# Rail or Track and best rod holders



## Riverduck11 (Jul 11, 2013)

I just got a new boat and am contemplating between Track or Rails for the back of the boat. The boat has grab handles for all passengers, so I do not need anything to hang on to. It would be for mostly securing rod holders and attaching fenders when docking. I will be using the rod holder for trolling for the most part.

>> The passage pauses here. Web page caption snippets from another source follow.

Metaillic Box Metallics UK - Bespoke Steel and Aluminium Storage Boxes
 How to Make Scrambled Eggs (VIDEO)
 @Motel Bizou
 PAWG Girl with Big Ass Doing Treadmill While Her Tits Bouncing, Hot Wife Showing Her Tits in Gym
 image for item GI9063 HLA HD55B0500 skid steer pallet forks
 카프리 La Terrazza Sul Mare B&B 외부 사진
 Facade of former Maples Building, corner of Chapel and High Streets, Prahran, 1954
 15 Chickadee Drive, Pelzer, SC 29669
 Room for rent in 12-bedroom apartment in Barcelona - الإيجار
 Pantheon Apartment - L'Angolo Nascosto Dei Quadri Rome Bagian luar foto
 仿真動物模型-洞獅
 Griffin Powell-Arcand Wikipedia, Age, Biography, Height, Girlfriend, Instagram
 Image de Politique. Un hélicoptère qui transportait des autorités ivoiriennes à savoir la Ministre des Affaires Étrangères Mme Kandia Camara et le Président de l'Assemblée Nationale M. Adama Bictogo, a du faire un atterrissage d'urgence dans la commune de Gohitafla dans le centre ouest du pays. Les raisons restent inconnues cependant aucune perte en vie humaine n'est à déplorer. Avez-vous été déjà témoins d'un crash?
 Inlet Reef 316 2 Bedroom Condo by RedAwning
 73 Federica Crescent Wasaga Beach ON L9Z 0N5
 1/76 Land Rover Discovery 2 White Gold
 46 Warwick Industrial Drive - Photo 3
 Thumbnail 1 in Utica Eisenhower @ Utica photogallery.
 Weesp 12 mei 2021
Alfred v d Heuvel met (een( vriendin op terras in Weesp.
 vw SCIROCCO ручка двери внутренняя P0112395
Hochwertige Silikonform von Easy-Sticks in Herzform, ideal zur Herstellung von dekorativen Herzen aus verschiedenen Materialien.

Secondly, if I went with rails, who makes a good holder that does not mar or scratch the rail? Are there any with rubber inserts. I have spent some time looking without finding what I am exactly looking for.

Thanks for the help.


----------



## capt j-rod (Feb 14, 2008)

Rod holders get really expensive really quick. Cisco makes the finest ones out there imo. I run big jons and they seem to be a good "bang for the buck". Tite locks are a little flimsy but they work and are less expensive. You really need to decide what type of fishing you are going to do. If you are trolling Erie then you'll have 4-6 tubes and probably 2 cradles. I like the berts track. I can put anything anywhere and it all comes off in 5 mins for the canvas to snap on. I also don't like leaving out my candy for less than honest thieves. My down riggers are on tracks too. Give us more details as to how you plan to fish and you'll get better replies


----------



## Shortdrift (Apr 5, 2004)

Rail mounted base holders will create wear on your canvas unless the cover has secondary reinforcement. Cisco's track mounted is an excellent and forever installation.


----------



## Riverduck11 (Jul 11, 2013)

Thanks guys. I will will only be fishing Erie about 10 days a year. So I want to be Erie capable but not only set for that. I will also troll inland lakes for Saugeye. I also would like a second fisherman to be able to spider rig off the back for crappie trips. I have several drift masters and Tite Lock which is the main reason I am even considering rail, I don't have to put another $500 in holders after just buying the boat! I am just not sure if the holders I have can take the pull of Walleye when I go to Erie and Troll.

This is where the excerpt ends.